While playing about with Blender 2.63a I discovered that it is now possible to export from Blender to the UDK via FBX. At present I'm not sure of the limitations: I set up a test animation with Rotation keys only, the armature origin at 0,0,0 and the mesh origin at 0,0,0, with no scaling. I ran the exported FBX through the FBX Converter for FBX 2012.2  to convert it into a binary: (as Blender's FBX exporter seems to export an antique version of FBX that the UDK takes exception to). To my surprise the converted FBX imported into the UDK fine - last year this was a sure fire recipe for disaster; something must have changed.

This screenshot shows the animation part of the process, adding keys one by one in pose mode. Note I use the LocRot keyset; it's very unlikely that the toolchain will support scale keys; so I haven't tried this. Armature and Mesh are centered on the origin (for the mesh this can be achieved by Object|Apply|Location and Object|Apply|Scale.

Add caption

Tuesday, April 24

SCons and Flymake.

Getting Emacs's flymake-mode to work with SCons was surprisingly easy.

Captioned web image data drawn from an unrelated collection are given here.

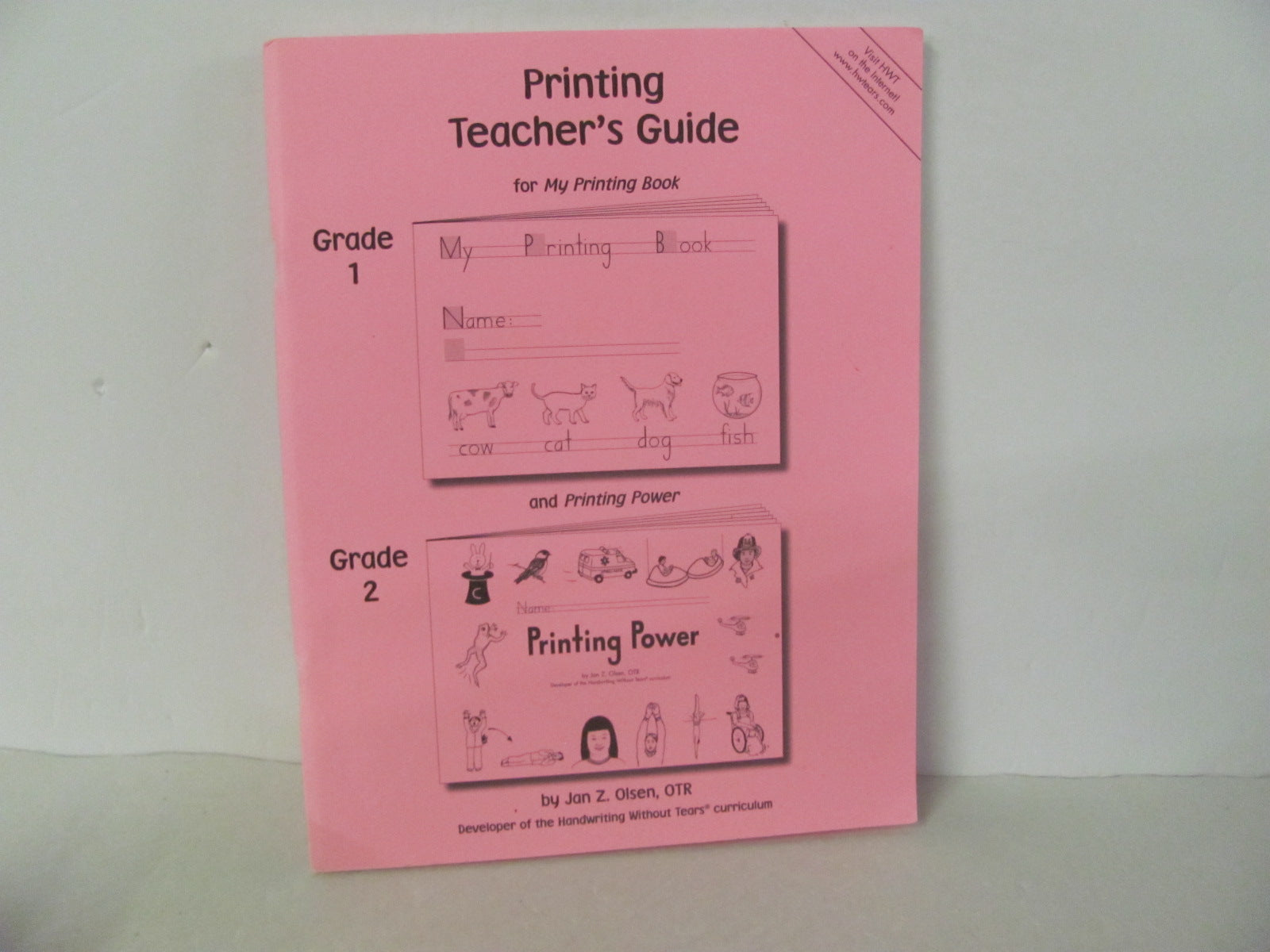 Handwriting without tears kindergarten teacher's guide by Jan z olsen,  Paperback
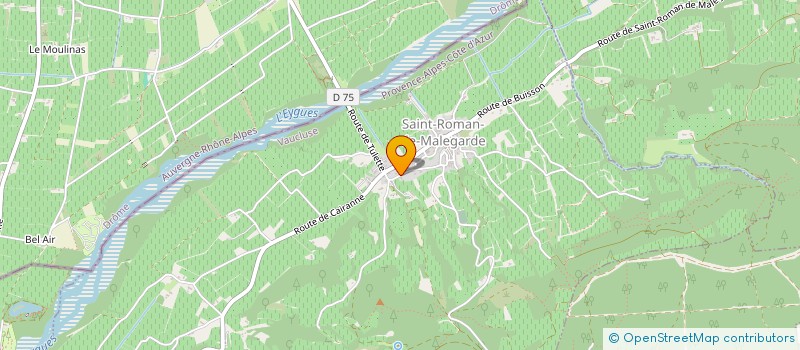 localisation de l'entreprise SCI 2074 AVENUE DE PROVENCE  PIOLENC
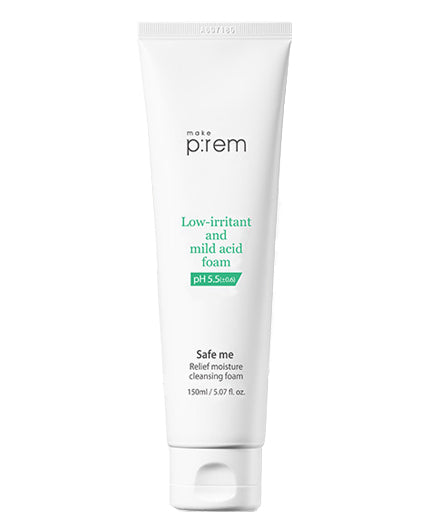 Safe Me. Relief Moisture Cleansing Foam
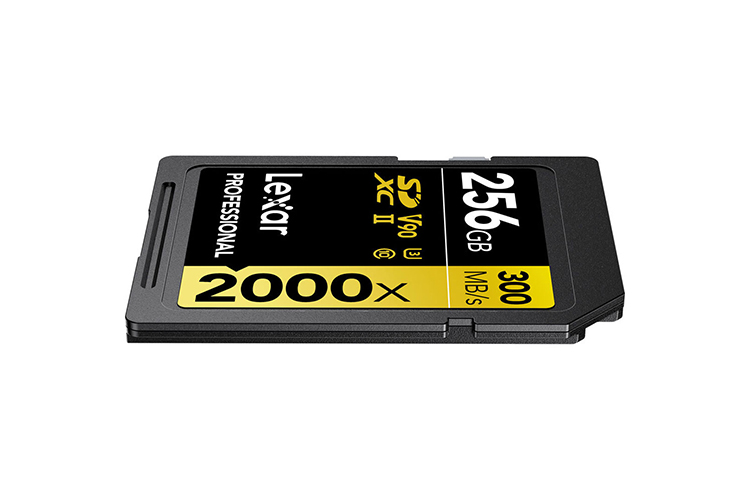 雷克沙推出256GB版2000x UHS-II SDXC 主打性价比-第2张图片-科技快讯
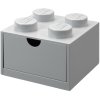 LEGO Schreibtischschublade 15,8 cm, Grau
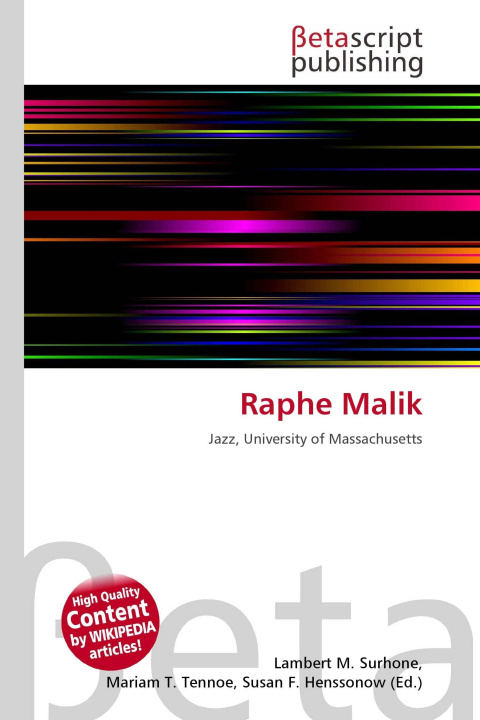 Kniha Raphe Malik Mariam T. Tennoe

It needs some extra elisp in your .emacs to invoke flymake, which can be lightly adapted from the existing makefile processing, and a small check in the SConstruct to see if the process has been invoked by flymake itself. In my case, I arrange for a command line flag SYNTAX=1 to be passed from Flymake to SCons. For example..

The Emacs side involves some lightly edited versions of flymake functions in the .emacs as the scons command line is as make-like as it's sanely possible to be; a design goal of the SCons guys

The main drawback of this method is that it does not check header files directly, as SCons does not process them as they produce no direct build products. This leads me to suspect that SCons is not really the correct tool for this job; although a env.SyntaxCheck command could probably be rigged up: another post for another day.

EDIT: After some more work on this, I got header files working. The snag is that I've had to customise flymake-master-file-dirs to be relative to the directory in which include files are found include in my case. Which is probably not ideal - they should be relative to the buildfile.